Board Chair Stefanie Adams started the meeting by addressing the arrests of two former staff members David Bostian and Ronnie Lynn Strickland. They are accused of sexually abusing former students.
“All of our educators need to know what the expectations are when it comes to reporting anything they see or hear as it relates to student safety, and then, if someone violates those expectations, everyone needs to understand, they will be held accountable.”
Bostian has since died by suicide. After Adams’s statement, it was time for those in the audience to speak:
“The name that’s displayed at the top of the Laney Stadium is one that should have never been there -- and is long overdue to be removed. There are many things that divide our community in our school system, but on this we are united.”
That’s community member Barbara Anderson. And the name she’s referring to is that of former Deputy Superintendent Rick Holliday. One of the allegations against him is that he failed to formally investigate teachers after reports of their sex crimes against students.
After several members of the audience, including Anderson, spoke in favor of changing the name, the board unanimously agreed. The district will wait 60 days for public input before selecting a new name.
In other board agenda items, they reviewed the upcoming school year budget and unanimously approved a data-sharing agreement with Cape Fear Collective.
And in a 4-3 vote, the district's high schools will be allowed to host smaller prom gatherings in accordance with CDC and DHHS guidance.
Board members Stephanie Walker and Judy Justice tried to institute remote Wednesdays and eliminate the hybrid option for middle and high school students, but they failed to get the motion passed.
Justice said that the teachers she’d talked with preferred to have students either fully remote or in-person.

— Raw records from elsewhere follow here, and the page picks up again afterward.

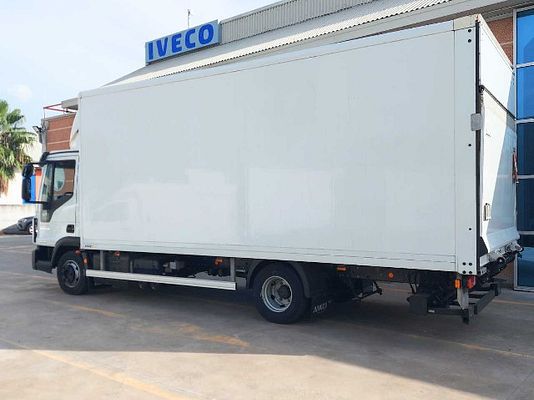 Vehicle image 2 / 4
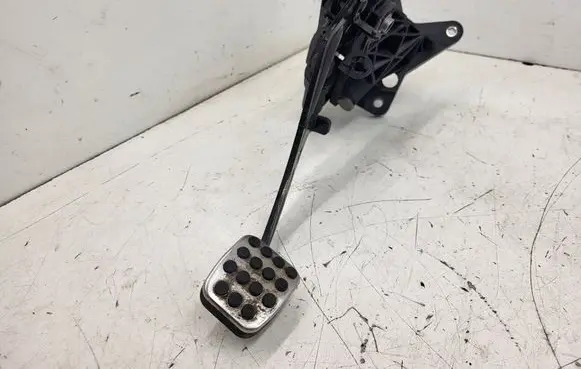 Mercedes-Benz A W176 Clutch pedal A2462906301 A2462900619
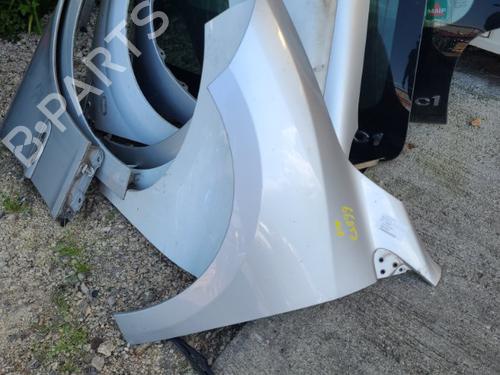 Used Left front fenders RENAULT MEGANE III Hatchback (BZ0/1_, B3_) 1.5 dCi (86 hp) 21341414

In response, Board Chair Adams said,
“Ms. Justice, with all due respect, teachers were worried about Plan B. Teachers were worried about Plan A. And what occurred every time is that we’ve made it work. We’ve figured it out, and I understand there may be discomfort, but we’re on Day 2, and there’s such limited time left this year, why make them change again a week from now?”
Justice: “Because they requested it.”
Walker and Justice also asked about the number of students in the hybrid plan, and Superintendent Dr. Charles Foust responded that they didn’t have those figures.